Actor Patrick Dempsey to Fix Political Gridlock in New CBS Pilot

February 11, 2020 by Kate Michael
Actor Patrick Dempsey to Fix Political Gridlock in New CBS Pilot
Patrick Dempsey meets fans prior to heading back to the Martinez hotel in Cannes, France, during the 64th Cannes Film Festival, Thursday, May 19, 2011. (Hahn-Nebinger-Genin/Abaca Press/MCT)

WASHINGTON — News around Capitol Hill last week was that actor Patrick Dempsey would be starring in a new political drama.  

The CBS pilot plot, originally named “The Whip” has since had a title change to “Ways & Means,” but is believed to have little to do with the actual House Ways & Means Committee, a committee which has jurisdiction over tax, trade, health care, welfare, and social security. 

Dempsey will play a member of Congress disillusioned by political gridlock, who wants to “save American politics” through bipartisan legislation.

Republican strategist Mike Murphy scripted the show’s pilot and is working as executive producer alongside Ed Redlich (Without a Trace). 

According to the CBS longline for the potential hour-long series, Ways & Means is about “a powerful Congressional leader who has lost faith in politics [and] finds himself working secretly with an idealistic young Congresswoman from the opposing party to subvert the hopelessly gridlocked system he helped create; together they’ll attempt to save American politics… if they don’t get caught.” 

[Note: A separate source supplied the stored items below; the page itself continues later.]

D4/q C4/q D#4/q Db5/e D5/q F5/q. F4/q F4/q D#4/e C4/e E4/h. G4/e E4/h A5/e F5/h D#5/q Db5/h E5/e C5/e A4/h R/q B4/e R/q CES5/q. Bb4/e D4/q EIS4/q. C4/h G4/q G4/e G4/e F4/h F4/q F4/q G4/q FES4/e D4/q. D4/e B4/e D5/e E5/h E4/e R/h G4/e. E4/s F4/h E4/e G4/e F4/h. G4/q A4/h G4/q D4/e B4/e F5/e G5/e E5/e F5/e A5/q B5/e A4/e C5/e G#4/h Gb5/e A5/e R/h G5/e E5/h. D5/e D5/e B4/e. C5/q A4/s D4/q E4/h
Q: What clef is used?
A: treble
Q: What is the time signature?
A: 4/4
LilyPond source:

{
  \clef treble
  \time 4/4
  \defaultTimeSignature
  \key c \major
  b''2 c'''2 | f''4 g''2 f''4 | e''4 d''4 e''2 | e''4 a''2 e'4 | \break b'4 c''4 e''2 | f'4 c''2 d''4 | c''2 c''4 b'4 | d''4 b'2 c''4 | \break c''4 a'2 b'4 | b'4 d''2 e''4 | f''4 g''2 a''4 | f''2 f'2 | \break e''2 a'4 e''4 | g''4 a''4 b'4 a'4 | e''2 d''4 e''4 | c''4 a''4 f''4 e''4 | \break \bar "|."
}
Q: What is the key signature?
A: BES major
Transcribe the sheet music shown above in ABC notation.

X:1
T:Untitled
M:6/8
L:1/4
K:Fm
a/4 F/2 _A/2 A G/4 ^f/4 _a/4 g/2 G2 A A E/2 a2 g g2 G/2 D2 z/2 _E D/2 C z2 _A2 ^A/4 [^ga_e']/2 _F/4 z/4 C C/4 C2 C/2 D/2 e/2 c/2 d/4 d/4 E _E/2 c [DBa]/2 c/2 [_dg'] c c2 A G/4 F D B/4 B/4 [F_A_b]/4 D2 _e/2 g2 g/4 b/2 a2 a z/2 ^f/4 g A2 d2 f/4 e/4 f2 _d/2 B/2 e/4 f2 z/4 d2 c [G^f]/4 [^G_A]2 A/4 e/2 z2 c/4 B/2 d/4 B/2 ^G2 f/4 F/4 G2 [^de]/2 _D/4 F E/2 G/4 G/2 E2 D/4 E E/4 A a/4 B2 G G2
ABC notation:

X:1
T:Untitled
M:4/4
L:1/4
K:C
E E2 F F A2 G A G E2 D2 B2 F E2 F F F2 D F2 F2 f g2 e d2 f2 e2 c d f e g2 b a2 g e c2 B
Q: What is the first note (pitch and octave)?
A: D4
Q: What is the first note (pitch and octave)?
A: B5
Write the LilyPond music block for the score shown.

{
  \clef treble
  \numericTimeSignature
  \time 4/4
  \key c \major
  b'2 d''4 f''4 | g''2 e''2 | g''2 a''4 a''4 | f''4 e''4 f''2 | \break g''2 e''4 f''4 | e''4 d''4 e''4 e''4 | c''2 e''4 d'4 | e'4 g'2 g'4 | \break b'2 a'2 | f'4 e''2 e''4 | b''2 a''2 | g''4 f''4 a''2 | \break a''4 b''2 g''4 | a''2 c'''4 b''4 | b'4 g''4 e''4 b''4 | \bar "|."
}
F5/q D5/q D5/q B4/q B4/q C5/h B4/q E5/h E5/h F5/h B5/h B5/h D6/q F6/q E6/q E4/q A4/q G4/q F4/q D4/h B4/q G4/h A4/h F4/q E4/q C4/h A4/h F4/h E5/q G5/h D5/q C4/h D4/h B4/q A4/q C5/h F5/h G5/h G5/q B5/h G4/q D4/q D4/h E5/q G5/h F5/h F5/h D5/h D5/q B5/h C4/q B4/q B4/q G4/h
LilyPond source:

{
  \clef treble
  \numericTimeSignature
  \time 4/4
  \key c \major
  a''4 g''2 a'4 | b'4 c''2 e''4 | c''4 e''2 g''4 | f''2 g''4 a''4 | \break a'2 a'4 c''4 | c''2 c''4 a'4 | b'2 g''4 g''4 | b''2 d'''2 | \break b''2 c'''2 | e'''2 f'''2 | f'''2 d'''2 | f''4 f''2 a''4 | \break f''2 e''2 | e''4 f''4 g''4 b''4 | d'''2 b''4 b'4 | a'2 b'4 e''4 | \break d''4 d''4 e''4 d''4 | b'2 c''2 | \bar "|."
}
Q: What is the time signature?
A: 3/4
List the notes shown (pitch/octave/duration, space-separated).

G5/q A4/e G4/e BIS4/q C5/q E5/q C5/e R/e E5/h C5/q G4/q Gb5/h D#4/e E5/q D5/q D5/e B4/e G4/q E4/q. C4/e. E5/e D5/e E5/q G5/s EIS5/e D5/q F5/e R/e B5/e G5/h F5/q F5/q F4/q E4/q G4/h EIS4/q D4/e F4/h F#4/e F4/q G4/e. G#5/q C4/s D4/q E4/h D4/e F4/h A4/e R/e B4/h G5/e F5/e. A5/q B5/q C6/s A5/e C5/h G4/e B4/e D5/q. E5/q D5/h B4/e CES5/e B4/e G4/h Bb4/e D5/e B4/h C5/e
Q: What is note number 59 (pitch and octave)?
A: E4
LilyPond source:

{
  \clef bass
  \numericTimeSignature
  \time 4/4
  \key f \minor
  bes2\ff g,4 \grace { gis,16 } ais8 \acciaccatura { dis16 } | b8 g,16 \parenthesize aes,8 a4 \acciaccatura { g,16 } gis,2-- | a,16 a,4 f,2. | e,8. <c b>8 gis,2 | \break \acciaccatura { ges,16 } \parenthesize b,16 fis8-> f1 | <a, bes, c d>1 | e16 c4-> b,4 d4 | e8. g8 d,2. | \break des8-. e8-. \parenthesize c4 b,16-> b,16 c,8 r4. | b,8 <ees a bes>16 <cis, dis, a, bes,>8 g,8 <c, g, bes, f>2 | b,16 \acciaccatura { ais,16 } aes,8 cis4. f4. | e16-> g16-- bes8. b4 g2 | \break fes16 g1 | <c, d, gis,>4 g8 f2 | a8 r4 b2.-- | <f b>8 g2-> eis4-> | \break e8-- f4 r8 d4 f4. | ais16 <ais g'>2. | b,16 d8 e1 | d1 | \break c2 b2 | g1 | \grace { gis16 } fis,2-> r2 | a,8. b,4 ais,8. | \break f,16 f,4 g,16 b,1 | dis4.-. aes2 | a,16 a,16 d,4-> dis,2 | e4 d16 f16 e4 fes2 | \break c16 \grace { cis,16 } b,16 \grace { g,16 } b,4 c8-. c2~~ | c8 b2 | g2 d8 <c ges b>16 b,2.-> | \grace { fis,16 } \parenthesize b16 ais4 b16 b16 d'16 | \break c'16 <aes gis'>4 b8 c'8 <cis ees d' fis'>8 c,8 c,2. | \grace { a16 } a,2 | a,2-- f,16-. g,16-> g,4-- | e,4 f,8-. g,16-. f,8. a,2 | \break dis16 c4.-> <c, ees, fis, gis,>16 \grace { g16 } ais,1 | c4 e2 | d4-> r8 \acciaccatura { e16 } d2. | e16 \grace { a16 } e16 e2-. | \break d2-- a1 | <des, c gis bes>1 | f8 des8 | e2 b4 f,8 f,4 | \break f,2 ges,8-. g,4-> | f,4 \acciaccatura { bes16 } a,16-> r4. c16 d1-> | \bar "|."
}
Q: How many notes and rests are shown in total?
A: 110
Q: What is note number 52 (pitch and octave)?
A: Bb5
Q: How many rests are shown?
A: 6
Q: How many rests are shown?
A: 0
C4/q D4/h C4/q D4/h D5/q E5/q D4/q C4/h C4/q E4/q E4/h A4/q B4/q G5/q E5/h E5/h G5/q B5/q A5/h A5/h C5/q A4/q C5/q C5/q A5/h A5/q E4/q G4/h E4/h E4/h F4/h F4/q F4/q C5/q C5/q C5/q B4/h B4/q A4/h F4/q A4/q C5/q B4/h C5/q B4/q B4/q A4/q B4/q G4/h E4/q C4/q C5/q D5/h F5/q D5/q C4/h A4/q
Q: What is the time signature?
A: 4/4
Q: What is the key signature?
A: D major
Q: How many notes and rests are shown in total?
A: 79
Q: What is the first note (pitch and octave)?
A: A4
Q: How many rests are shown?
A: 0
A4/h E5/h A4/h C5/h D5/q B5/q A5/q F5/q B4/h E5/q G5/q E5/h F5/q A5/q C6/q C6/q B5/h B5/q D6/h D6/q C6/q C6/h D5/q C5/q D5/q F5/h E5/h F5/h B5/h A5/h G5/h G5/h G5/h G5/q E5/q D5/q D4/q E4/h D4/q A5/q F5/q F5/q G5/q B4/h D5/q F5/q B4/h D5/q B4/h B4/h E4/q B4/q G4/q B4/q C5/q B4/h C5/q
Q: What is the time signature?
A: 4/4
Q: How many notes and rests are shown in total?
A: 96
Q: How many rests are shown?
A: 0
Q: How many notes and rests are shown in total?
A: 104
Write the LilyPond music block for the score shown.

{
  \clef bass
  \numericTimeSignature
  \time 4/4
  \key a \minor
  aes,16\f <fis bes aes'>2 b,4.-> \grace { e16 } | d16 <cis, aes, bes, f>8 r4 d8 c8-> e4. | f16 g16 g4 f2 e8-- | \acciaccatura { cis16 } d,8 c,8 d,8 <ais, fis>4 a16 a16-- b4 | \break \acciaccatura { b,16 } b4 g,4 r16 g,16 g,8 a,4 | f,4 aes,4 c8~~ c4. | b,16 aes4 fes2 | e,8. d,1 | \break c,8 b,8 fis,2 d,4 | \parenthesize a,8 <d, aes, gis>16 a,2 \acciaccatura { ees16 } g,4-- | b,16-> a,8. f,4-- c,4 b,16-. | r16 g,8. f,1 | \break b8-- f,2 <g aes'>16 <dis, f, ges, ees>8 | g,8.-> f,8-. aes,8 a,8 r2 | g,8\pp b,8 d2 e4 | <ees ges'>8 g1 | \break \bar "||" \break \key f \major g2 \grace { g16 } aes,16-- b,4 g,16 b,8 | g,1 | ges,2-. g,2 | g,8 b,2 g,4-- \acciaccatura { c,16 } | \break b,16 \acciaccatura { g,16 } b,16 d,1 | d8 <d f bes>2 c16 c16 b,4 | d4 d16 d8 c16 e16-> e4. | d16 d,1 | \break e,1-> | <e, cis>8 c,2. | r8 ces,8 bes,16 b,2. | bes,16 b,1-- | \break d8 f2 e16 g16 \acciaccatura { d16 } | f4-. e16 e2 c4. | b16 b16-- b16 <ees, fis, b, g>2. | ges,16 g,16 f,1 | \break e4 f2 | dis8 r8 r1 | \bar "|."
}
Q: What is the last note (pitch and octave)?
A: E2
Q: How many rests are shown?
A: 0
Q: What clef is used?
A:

But while this series — and indeed most of the American public — have come to see gridlock as a problem that needs to be solved, not all politicians and policy analysts agree. Some see it as a moderating process. And at least one Supreme Court Justice actually praised its efficiency.

“Gridlock is what our system is designed for,” said Antonin Scalia, the longest serving judge on the Supreme Court, back in 2011. 

“I hear Americans saying this…” Scalia said in an on-the-record discussion at the now-defunct Newseum, “They talk about dysfunctional government because there’s disagreement — and the Framers would have said ‘Yes! That’s exactly the way we set it up. We wanted this to be power contradicting power’ because the main ill that besets us, as Hamilton said in The Federalist… is an excess of legislation.”